§ About this task: Copy the lines verbatim, beginning with the line that contains "Record-Breaking Discoveries astronomy" and continuing through the end of the data, and only those lines.

┏━━

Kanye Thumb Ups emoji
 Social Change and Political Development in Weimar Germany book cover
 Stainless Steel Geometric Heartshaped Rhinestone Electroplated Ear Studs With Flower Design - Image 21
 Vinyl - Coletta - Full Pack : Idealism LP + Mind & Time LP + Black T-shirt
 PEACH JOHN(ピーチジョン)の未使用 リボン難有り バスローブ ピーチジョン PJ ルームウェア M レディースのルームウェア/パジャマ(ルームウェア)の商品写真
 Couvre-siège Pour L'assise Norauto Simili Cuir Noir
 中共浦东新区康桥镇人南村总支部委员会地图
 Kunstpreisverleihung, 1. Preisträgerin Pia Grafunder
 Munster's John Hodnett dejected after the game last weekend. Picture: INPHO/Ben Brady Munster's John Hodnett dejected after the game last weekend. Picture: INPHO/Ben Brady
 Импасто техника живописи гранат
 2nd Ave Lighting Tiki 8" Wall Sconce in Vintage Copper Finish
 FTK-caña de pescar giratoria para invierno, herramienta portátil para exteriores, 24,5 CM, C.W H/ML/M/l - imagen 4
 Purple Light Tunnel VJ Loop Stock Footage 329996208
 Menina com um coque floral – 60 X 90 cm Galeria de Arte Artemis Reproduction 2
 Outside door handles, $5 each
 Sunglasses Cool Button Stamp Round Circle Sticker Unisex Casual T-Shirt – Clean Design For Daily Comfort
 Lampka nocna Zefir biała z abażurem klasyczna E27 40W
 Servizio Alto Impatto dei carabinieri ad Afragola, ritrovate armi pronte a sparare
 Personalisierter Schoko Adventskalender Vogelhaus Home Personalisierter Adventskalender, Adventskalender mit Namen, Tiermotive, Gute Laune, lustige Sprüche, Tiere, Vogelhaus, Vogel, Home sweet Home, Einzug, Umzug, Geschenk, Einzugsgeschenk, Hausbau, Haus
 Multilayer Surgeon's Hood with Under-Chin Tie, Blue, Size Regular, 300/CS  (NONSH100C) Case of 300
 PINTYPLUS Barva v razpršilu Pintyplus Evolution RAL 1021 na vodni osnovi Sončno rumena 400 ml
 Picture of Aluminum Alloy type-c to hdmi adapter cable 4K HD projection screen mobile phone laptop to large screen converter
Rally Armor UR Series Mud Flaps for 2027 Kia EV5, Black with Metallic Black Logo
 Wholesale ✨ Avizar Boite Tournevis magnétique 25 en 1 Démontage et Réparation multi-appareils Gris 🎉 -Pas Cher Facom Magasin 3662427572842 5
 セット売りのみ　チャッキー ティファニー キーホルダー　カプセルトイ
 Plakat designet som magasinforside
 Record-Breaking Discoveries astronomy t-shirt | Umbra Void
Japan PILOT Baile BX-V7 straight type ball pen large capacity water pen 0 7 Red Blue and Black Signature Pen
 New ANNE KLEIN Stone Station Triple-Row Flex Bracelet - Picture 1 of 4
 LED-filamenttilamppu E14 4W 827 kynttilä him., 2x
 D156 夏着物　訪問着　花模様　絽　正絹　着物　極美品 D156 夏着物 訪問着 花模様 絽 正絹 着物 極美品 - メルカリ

┗━━

§ Expected answer:
 Record-Breaking Discoveries astronomy t-shirt | Umbra Void
Japan PILOT Baile BX-V7 straight type ball pen large capacity water pen 0 7 Red Blue and Black Signature Pen
 New ANNE KLEIN Stone Station Triple-Row Flex Bracelet - Picture 1 of 4
 LED-filamenttilamppu E14 4W 827 kynttilä him., 2x
 D156 夏着物　訪問着　花模様　絽　正絹　着物　極美品 D156 夏着物 訪問着 花模様 絽 正絹 着物 極美品 - メルカリ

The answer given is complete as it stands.